If you get to kill people in war, why don’t you get to torture them too?

Over at the Register, a reader asks a common question:

I’m confused about something. Assuming we have a just war (and I know there are doubts about whether Iraq/Afghanistan fall into this category but that is a discussion for another day), the Church says it is OK to use force i.e. to kill soldiers on the other side, but we are saying certain kinds of interrogation to gain intelligence and hopefully prevent lives from being lost is immoral? But it would have been OK to shoot the person we are about to interrogate (not in cold blood of course but in a “fair” fight). Seems to be a disconnect here.

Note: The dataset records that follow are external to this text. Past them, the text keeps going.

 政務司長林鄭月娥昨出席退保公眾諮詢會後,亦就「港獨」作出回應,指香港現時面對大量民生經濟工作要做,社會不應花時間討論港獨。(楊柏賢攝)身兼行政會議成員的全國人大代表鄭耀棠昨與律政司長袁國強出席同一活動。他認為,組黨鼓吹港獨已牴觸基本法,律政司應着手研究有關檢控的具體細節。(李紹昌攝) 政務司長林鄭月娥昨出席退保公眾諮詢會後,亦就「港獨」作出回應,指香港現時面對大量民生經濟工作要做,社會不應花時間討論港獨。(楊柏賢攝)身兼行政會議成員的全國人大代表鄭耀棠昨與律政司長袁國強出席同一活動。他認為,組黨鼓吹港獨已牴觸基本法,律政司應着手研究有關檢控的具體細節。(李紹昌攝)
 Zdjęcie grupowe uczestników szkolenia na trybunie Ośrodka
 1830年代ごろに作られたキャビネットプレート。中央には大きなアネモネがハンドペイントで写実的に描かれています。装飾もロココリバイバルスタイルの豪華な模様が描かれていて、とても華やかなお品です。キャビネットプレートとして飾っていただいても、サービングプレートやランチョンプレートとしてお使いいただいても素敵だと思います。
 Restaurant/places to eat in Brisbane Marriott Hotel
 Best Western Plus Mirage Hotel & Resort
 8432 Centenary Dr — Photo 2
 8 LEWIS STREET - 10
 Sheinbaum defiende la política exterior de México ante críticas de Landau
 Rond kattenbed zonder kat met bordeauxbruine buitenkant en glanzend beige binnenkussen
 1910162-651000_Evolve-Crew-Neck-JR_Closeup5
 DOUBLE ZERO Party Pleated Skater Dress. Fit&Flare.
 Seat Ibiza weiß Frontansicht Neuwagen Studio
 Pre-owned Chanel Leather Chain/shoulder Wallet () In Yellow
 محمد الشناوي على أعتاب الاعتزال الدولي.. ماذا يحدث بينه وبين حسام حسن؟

You can’t torture prisoners for the same reason you can’t murder them: because they are prisoners. Shooting the enemy is the best way we have for stopping an aggressor in the heat of combat. Unfortunately, that commonly results in death, but death is not the optimal result of battle: surrender is. If it were possible to fight with phasers and not guns, the Church would insist on setting them to “stun” not kill, because the goal of war is not death, but surrender and peace, and the purpose of the gospel is life and peace. So in war, the proper view of combat is not that you get to kill, but that you have to kill sometimes. Why “have to” and not “get to”? Because the Church insists that the human person is so beloved to God that killing him is, at best, a huge tragedy and never something to desire.

Because of this, the moment a combatant becomes a prisoner, you absolutely lose the right to kill him and you become bound to respect his human dignity. He is not yours for the killing–or the torturing. He is to be treated humanely and not reduced to a means to an end–that is, a thing.